用紙は、みつまたやアバカ(マニラ麻)などから作っています。製紙工程では偽造防止のため、すき入れを付与しています。インキも独自に製造しており、新しいお札では表裏合わせて約20色を使っています。印刷は独自開発した印刷機を使い、裏面、表面の順に印刷。ホログラムを貼り付け、記番号と印章を印刷したのち、断裁し、機械で1枚ずつ検査して梱包します。ホログラム貼付機の一部は今回、新しい機械を導入したという。ホログラムは製造しておらず、外部に発注しています。
【流通】 国立印刷局は新しいお札を22年6月から量産を開始しており、日銀によると、発行開始前の23年度末までに3種で計45・3億枚を備蓄する見込みです。内訳は1万円札=24・8億枚、5000円札=2・6億枚、1000円札17・9億枚。
お札は、金融機関が日銀に保有する当座預金を引き出し、それが人々や企業に渡っていくことで社会に流通していきます。また金融機関は当面必要としないお札を日銀に持ち込み、当座預金に預け入れます。日銀は戻ってきたお札について偽造や変造がないかを厳重にチェックし、損傷や汚れの度合いから再度の流通に適するかも判別。本物で再流通に適していると判断されたお札は再び金融機関に支払われていき、流通に適さないと判断されたお札は裁断されます。
このようにお札は循環しますが、今年7月3日に3種のお札が一気に新しくなるわけではありません。日銀は「発行開始後の金融機関への支払高が新券の備蓄高を上回る見通しなどを踏まえ、当分の間は、新券とともに現行券の払い出しを行うことを想定しています」「当分の間は、再流通可能な現行券を裁断・廃棄する予定はありません」と説明します。新しいお札発行後も、今のお札もそのまま使えるので、注意が必要です。日銀は「“現行の日本銀行券が使えなくなる”などとかたった詐欺行為(振り込め詐欺など)にご注意ください」と呼び掛けています。【久保勇人】
○…最も身近な3種のお札で20年ぶりに新しいデザインが登場することで、ATM、券売機など金銭機器の対応が気になります。日銀は昨年12月に「金融機関の金銭機器の改修は計画的に進捗(しんちょく)しており、24年6月末までに対応がほぼ完了する見通しとの話」と説明。さらに金銭機器の業界団体からの話として「台数の多い自動販売機については未対応のものが残存するものの、セルフレジや券売機などについては発行開始に向けて計画的に改修作業が進められている」との見通しも紹介しています。
○…国立印刷局は、新しいお札を国民に広く分かりやすく知ってもらうよう、新日本銀行券サイトの立ち上げ、PR用リーフレットやポスターの配布、G7国際会議への出展など広報活動に力を入れています。
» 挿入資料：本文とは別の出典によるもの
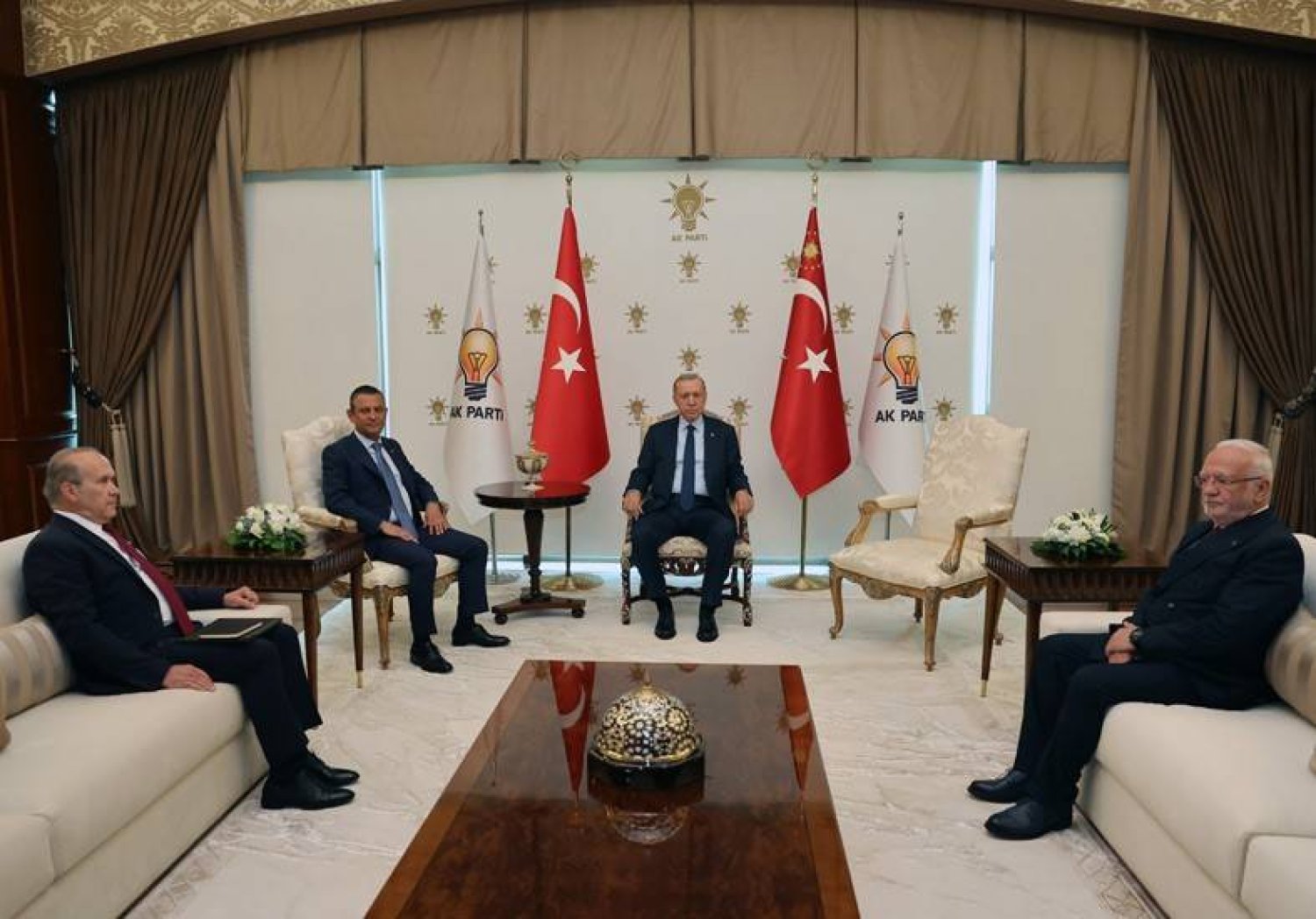 جانب من لقاء إردوغان وأوزيل في مقر حزب العدالة والتنمية الحاكم - الخميس (الرئاسة التركية)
工場見学では、発行前の新しいお札の製造風景を廊下から見学することもできるそう。こうした取り組みは来年度以降も継続実施していく予定。
【お札 マメ知識】
▼正式名称 お札は、正式には「日本銀行券」といいます。日本銀行が発行するお札は明治期以来(非常時除く)、国立印刷局が用紙から印刷まで一貫してつくっています。
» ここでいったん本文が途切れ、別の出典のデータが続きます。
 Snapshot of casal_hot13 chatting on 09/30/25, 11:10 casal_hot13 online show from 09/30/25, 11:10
▼歴史 日銀の第1号のお札は1885年(明18)発行の「日本銀行兌換(だかん)銀券」(絵柄は大黒天)。以来、現行までで53種類を発行しています。1891年(明24)には日本で一番大きなお札(130×210ミリ)の改造100円券。1948年(昭23)には最も小さなお札(48×94ミリ)のA5銭券。1958年(昭33)に最初のC1万円券(聖徳太子)。2004年(平16)に現行のE1万円券(福沢諭吉)が、発行されました。発行順を表すため、お札をABCDEの記号で区別しています。現行のお札は戦後5番目の発行という意味で「E券」、新しいお札は「F券」と呼ばれます。
▼肖像 これまでに計17人が登場。最も多いのは聖徳太子で7種に採用されています。肖像は基本的に右側にデザインされています。
▼動物 ネズミ、ハト、イノシシ、ライオン、馬、鶴(タンチョウ)、鶏、キジの8種類が登場。想像上の動物の鳳凰(ほうおう)も何度も登場しています。
▼記番号 お札の表面の左上と右下にあるアルファベット(記号)と数字(番号)の組み合わせは「記番号」です。同じ種類のお札には、全て違う記番号が印刷されています。記番号は以下を使用しています。▽記号=アルファベット26文字のうち、数字の「1」と「0」に間違えやすい「I(アイ)」と「O(オー)」を除いた24文字▽数字=000001から900000まで。現行までは全部で129・6億通りで、すべての記番号を使い終わると、インキの色を変えて再び最初からスタートでした。新しいお札は記号が1ケタ増やされたため、2985・984億通りになるそうです。
▼印章 表は日銀総裁の印章で「総裁之印」と書かれています。裏は日銀でお札の発行、回収などを担当する発券局長の印章で「発券局長」と書かれています。
▼製造量 日銀から国立印刷局への23年度の発注枚数は計30・3億枚(1万円券18・8億枚、5000円券1・9億枚、1000円券9・6億枚)です。お札の厚さは約0・1ミリなので、30億枚を積み重ねると富士山の高さの約80倍です。
▼寿命 1万円札の平均寿命は4~5年程度、5000円札と1000円札は使用頻度が高く傷みやすいため1~2年程度とされます。社会で流通したお札は、金融機関などを通じて再び日銀に戻り、真偽や汚損の度合いなどをチェック。流通に適さないと判断されたものは細かく裁断され、住宅用の建材や固形燃料、トイレットペーパーなどにリサイクルされたり、焼却処分されているそうです。